Progressive ossification provides a time-tested path from centralized deployment to complete decentralization through four distinct governance stages. The BOOTSTRAP stage (0-6 months) enables rapid iteration and bug fixes under team control, transitioning to MULTISIG governance (6-12 months) through a guardian multisig for increased safety and deliberation. The DAO stage (12-24 months) achieves full community governance with on-chain voting, culminating in the OSSIFIED stage (24+ months) where contracts become permanently frozen and no further upgrades are possible.
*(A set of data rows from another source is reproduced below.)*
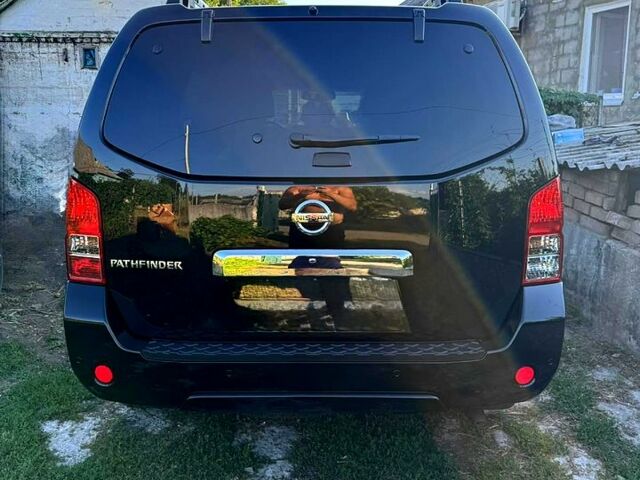 Ниссан Патфайндер 2012 в Днепре (Днепропетровске) на Automoto.ua Черный Ниссан Патфайндер, объемом двигателя 2.5 л и пробегом 18 тыс. км за 25000 $, фото 1 на Automoto.ua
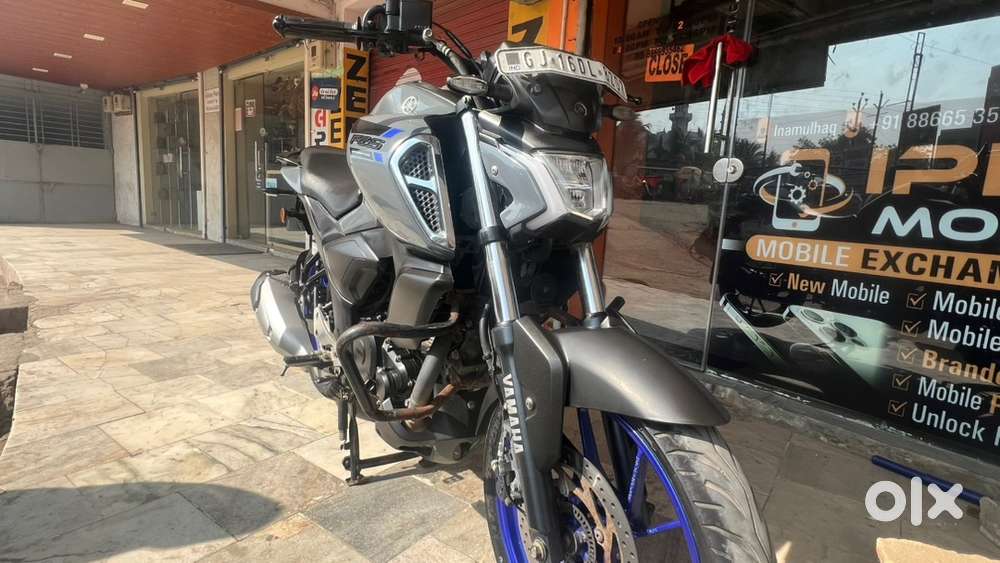 YAMAHA FZS VERSION 4.0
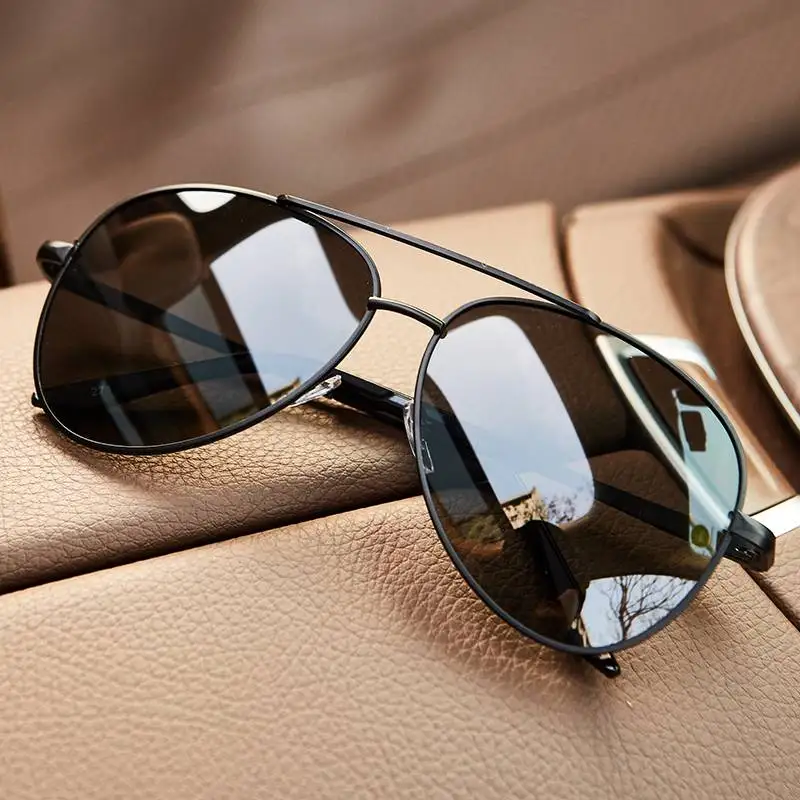 lunettes-de-soleil-polarisees-intelligentes-pour-hommes-a-double-usage-jour-nuit-a-changement-de-couleur-pour-la-peche-avec-des-innovations-optiques-de-pointe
This progression is one-way and irreversible, preventing governance capture while giving users absolute confidence in the final system state. Meanwhile, critical infrastructure contracts including capability namespaces, component registries, and the document registry deploy as immutable from day one, providing permanent security guarantees that never change regardless of governance transitions.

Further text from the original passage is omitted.